Kieran Culkin Steps Out of Brother's Shadow

Sept. 19, 2002 -- Kieran Culkin won't be called Macaulay's little brother for too much longer.

With Igby Goes Down opening nationally this week, the younger Culkin is poised to step into the spotlight. Some critics, including ABCNEWS' Joel Siegel, are already hailing the movie as the next great coming-of-age film.

Culkin plays Igby Slocumb, a 17-year-old rich kid who bounces from one private school to the next. His mom is a controlling, pill-popping tyrant. His earliest trauma is watching the meltdown that led to his father being committed.

Igby is carted off to a different sort of institution — a military academy — where fellow cadets cast him as an oddball and pummel him in the latrine with broomsticks, chanting "Igby goes down."

That's when Igby decides his only hope for survival is to run away, and suddenly he becomes an updated version of Holden Caulfield in J.D. Salinger's The Catcher in the Rye.

"Igby got to see how the world around his father kind of crushed him, at least through his eyes, and that's what's going to happen to him if he stays with his family," says Culkin.

The Secret Lives of Lost Toys

Soon he is hiding out in downtown Manhattan with his godfather's mistress and her grungy bohemian pal. "She's a dancer who doesn't dance, and her best friend is a painter who doesn't paint," says Igby. "It's like a boho version of Island of the Lost Toys."

Culkin's best moments are when Igby's dripping with contempt for his castrating mother, whom he refuses to call "mom."

Weighing several nicknames that seem apropos, Igby says, ""Heinous One' was a bit cumbersome, and 'Medea' was already taken."

"It's so twisted and it's so original," says Susan Sarandon, who plays authoritarian mom Mim Slocumb.

"If the kid in the end had succumbed and become a basket case, I wouldn't have been interested," she says. "I guess it's a little like American Beautiy in that the kids know so much more than the adults."

Kieran Defends Culkin Clan

Culkin, who turns 20 later this month, is quick to shoot down any comparison between his family and Igby's, though that might be inevitable.

Brother Macaulay's adorable scream in 1990's Home Alone transformed him into the most powerful child star since Shirley Temple. At his height, Macaulay was earning $8 million a picture, more than Richard Gere, but he went on to star in a string of flops, and seemingly morphed from a cute kid to a surly teen.

In 1995, his parents, who were never married, separated and started a contentious legal battle over the custody of their kids and Macaulay's fortune — once estimated at more than $50 million.

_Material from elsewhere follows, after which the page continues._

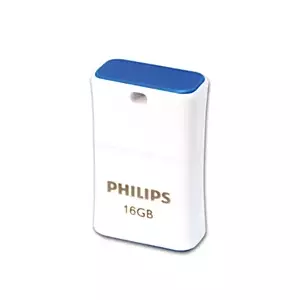 Philips FM16FD85B/00 USB zibatmiņa 16 GB USB Type-A 2.0 Zils, Balts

"I don't even get an allowance," Macaulay told reporters during that period. He reportedly scrawled graffiti in his father's New York apartment and described Michael Jackson's Neverland ranch as "the only place on earth where I feel absolutely, 100 percent comfortable." At the age of 18, Macaulay left home, marrying actress Rachel Miner. They split two years later.

But Macaulay, now 22, is mounting a bit of comeback, having received good reviews for his work on a British stage production of Madame Melville. He'll appear in Party Monster, his first starring role since the 1994 bomb Richie Rich.

Kieran's career has been slower to develop. After a bit part in Home Alone, he appeared in Father of the Bride in 1991 as Steve Martin's son, and went on to bigger roles in The Mighty and The Cider House Rules. Earlier this year, he appeared in The Dangerous Lives of Altar Boys.

The other Culkin children — Rory, Quinn, Christian, Shane and Dakota — have also had a go in show business, to a lesser extent. Rory appears as a young Igby in the new film.

Now, there seems to be peace in the Culkin clan. "We're very close and a lot of us are similar," Kieran told The Associated Press.

"There's a lot of love in my family."